AIM OF THE TASK: The listing below needs to be copied in full, exactly.

THE DATA:
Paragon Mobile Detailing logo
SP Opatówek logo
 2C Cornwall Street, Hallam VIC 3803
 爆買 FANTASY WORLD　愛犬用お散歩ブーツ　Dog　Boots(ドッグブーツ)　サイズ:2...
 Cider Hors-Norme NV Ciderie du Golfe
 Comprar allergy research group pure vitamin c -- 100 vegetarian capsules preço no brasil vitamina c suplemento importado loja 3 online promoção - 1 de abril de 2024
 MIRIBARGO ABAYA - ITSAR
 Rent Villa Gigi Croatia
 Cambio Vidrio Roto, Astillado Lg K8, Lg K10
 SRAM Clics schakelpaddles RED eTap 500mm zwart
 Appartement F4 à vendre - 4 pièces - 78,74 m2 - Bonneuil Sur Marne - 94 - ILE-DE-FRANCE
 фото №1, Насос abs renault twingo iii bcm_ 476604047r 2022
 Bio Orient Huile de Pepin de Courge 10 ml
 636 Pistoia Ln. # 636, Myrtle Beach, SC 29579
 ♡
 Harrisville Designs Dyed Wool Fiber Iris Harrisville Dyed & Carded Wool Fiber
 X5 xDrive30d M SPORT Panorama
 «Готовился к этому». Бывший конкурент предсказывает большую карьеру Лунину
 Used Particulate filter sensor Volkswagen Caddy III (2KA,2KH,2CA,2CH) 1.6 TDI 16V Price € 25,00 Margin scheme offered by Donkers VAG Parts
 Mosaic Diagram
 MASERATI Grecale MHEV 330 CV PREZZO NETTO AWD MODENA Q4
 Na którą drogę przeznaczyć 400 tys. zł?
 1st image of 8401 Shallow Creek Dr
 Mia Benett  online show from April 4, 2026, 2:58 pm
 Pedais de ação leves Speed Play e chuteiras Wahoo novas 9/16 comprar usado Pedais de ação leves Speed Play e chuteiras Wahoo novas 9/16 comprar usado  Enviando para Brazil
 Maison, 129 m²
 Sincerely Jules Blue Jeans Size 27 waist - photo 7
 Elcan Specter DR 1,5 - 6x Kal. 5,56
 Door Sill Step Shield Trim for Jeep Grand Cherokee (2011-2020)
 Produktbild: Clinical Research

RESPONSE TO THE EXERCISE:
Paragon Mobile Detailing logo
SP Opatówek logo
 2C Cornwall Street, Hallam VIC 3803
 爆買 FANTASY WORLD　愛犬用お散歩ブーツ　Dog　Boots(ドッグブーツ)　サイズ:2...
 Cider Hors-Norme NV Ciderie du Golfe
 Comprar allergy research group pure vitamin c -- 100 vegetarian capsules preço no brasil vitamina c suplemento importado loja 3 online promoção - 1 de abril de 2024
 MIRIBARGO ABAYA - ITSAR
 Rent Villa Gigi Croatia
 Cambio Vidrio Roto, Astillado Lg K8, Lg K10
 SRAM Clics schakelpaddles RED eTap 500mm zwart
 Appartement F4 à vendre - 4 pièces - 78,74 m2 - Bonneuil Sur Marne - 94 - ILE-DE-FRANCE
 фото №1, Насос abs renault twingo iii bcm_ 476604047r 2022
 Bio Orient Huile de Pepin de Courge 10 ml
 636 Pistoia Ln. # 636, Myrtle Beach, SC 29579
 ♡
 Harrisville Designs Dyed Wool Fiber Iris Harrisville Dyed & Carded Wool Fiber
 X5 xDrive30d M SPORT Panorama
 «Готовился к этому». Бывший конкурент предсказывает большую карьеру Лунину
 Used Particulate filter sensor Volkswagen Caddy III (2KA,2KH,2CA,2CH) 1.6 TDI 16V Price € 25,00 Margin scheme offered by Donkers VAG Parts
 Mosaic Diagram
 MASERATI Grecale MHEV 330 CV PREZZO NETTO AWD MODENA Q4
 Na którą drogę przeznaczyć 400 tys. zł?
 1st image of 8401 Shallow Creek Dr
 Mia Benett  online show from April 4, 2026, 2:58 pm
 Pedais de ação leves Speed Play e chuteiras Wahoo novas 9/16 comprar usado Pedais de ação leves Speed Play e chuteiras Wahoo novas 9/16 comprar usado  Enviando para Brazil
 Maison, 129 m²
 Sincerely Jules Blue Jeans Size 27 waist - photo 7
 Elcan Specter DR 1,5 - 6x Kal. 5,56
 Door Sill Step Shield Trim for Jeep Grand Cherokee (2011-2020)
 Produktbild: Clinical Research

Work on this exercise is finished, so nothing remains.